In UN-backed talks, Israel and Palestinians agree to offer peace proposals

Secretary-General Ban Ki-moon (centre) with principal members of the Quartet. (L to R): Tony Blair (Special Envoy of the Quartet), Hillary Rodham Clinton (USA), Sergey Lavrov (Russian Federation) and Catherine Ashton (EU)

26 October 2011 – The United Nations and its diplomatic partners in the search for peace in the Middle East met separately today with Israeli and Palestinian officials in Jerusalem, with both sides agreeing to come forward with comprehensive proposals on territory and security within three months.

The so-called Quartet, comprising the UN, the European Union, Russia and the United States, were following up on a strategy they launched last month to bring the two sides together again following the breakdown in bilateral talks last year, barely weeks after they had started again.

Those efforts involve a series of steps and a timetable with the aim of reaching a lasting Middle East peace agreement by the end of next year, with today's separate meetings being the first phase to agree on the agenda and method for negotiations.

“Both parties expressed their readiness to engage with the Quartet, on the basis of its statement of 23 September, to overcome the current obstacles and resume direct bilateral negotiations without delay or preconditions,” the Quartet envoys said in a news release after the meetings, which were also attended by Quartet Representative Tony Blair, the former United Kingdom prime minister.
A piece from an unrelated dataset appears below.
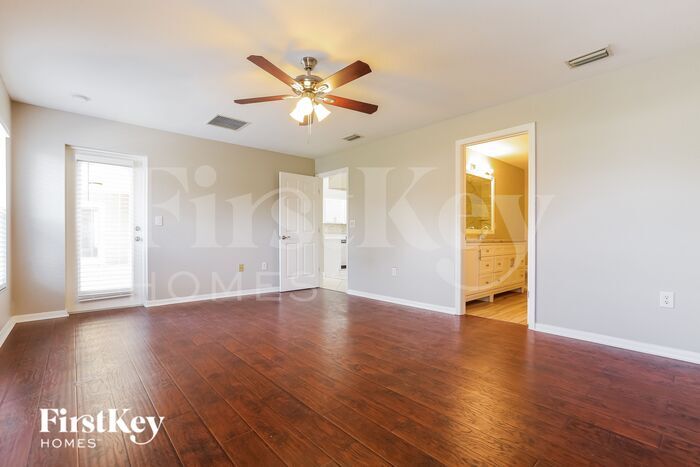 Building Photo - 3811 Trenton Ln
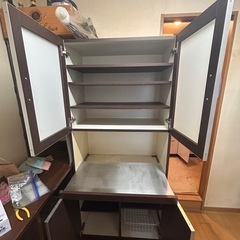 食器棚の画像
“The parties agreed with the Quartet to come forward with comprehensive proposals on territory and security within three months in the context of our shared commitment to the objective of direct negotiations leading toward an agreement by the end of 2012.”

The Quartet reiterated its call to the parties to refrain from provocative actions if negotiations are to be effective and agreed with the parties to meet regularly for the next 90 days to review progress.

The Quartet has for years been championing the so-called Roadmap, the internationally approved plan for a two-State solution in which Israel and the Palestinians can live side by side in peace and security.

Israel has called on the Palestinians to resume bilateral talks without conditions but Palestinian Authority President Mahmoud Abbas says he will not return to the table until Israel freezes all settlement activity in occupied Palestinian territory.